Posted by Mark J. Miller on February 6, 2012 02:14 PM
On the day after Super Bowl Sunday, 7 million Americans don’t show up to work, according to the hard-working folks at Coca-Cola. Another 4.4 million arrived at their places of business late this morning, according to Coke estimates.
So the brand's marketing team (and agency team at CP+B) figured that if 11.4 million people are already not showing up or not really serving their businesses at full throttle on the Monday after Super Bowl, why not call it a day (off) and let the entire American workforce stay home for the day?
Coke Zero would like to name the Monday after Super Bowl Sunday Magnificent Monday, according to a company release. “Coke Zero believes that people can more thoroughly enjoy the big game knowing they have Magnificent Monday off,” a press release notes. “This holiday is essentially already happening, but Coke Zero is leading the charge to make it official.” And what could be more important to our national wellbeing than making sure that people are thoroughly enjoying the big game?
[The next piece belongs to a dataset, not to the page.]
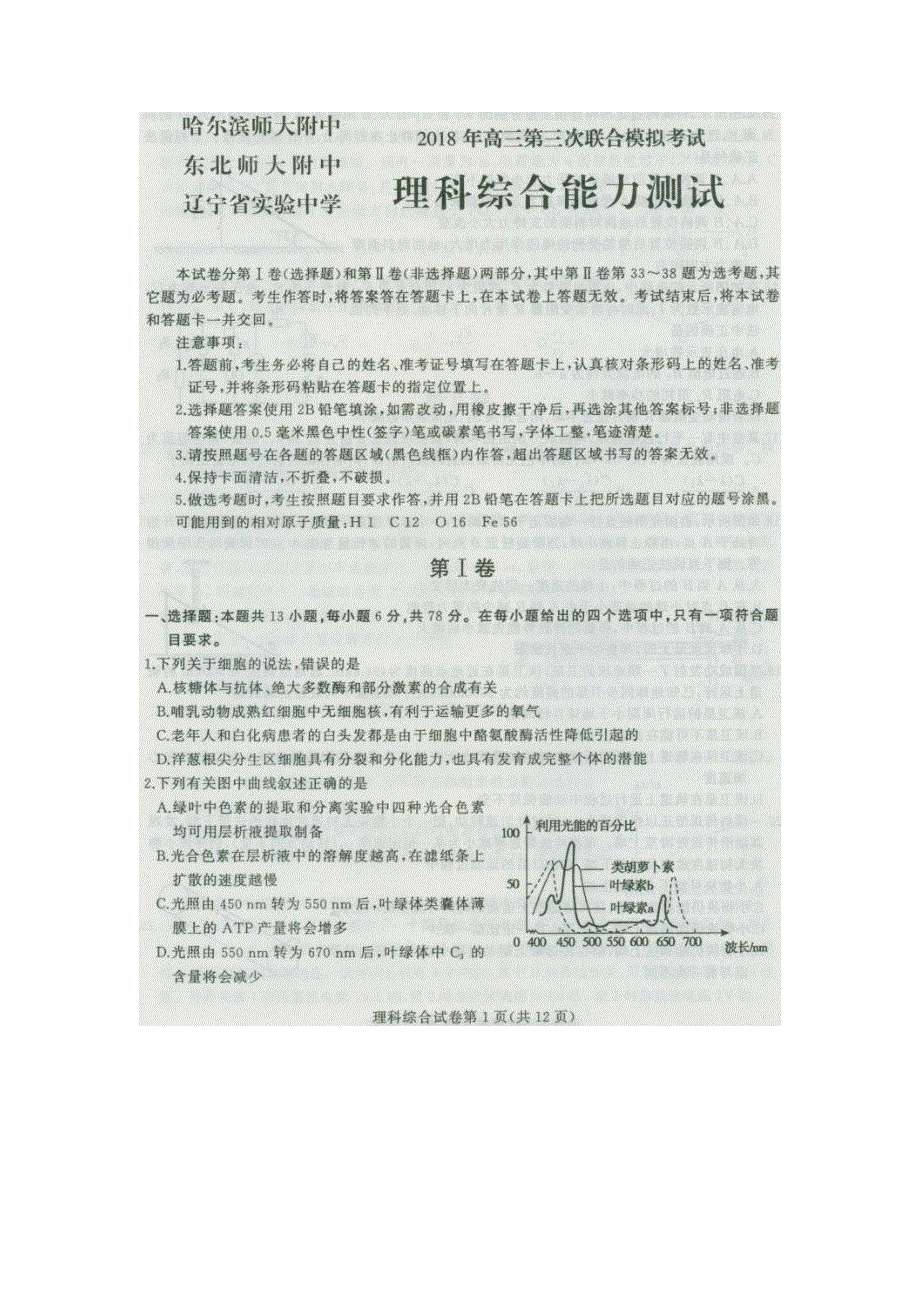 《发布》2018年东北三省三校第三次高考模拟考试 理科综合试卷 扫描版含答案.doc_第1页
In keeping with the social underpinning to the modern Super Bowl, the ever-so-slightly tongue-in-cheek digital campaign is inviting citizens to tweet ideas on how to make Magnificent Monday a reality with the Twitter hashtag #magmonday. Next thing you know, this is going to come up at one of the seven quadrillion Republican debates.
There are currently 10 federal U.S. holidays, in case you were wondering: New Year’s Day, Martin Luther King Day, Presidents Day, Memorial Day, Independence Day, Labor Day, Columbus Day, Veterans Day, Thanksgiving Day, and Christmas Day. So good luck, Coke Zero! We salute you on your effort to give sports fans — and everyone else — a day off to celebrate (or mourn — or just run a few errands) as the case may be.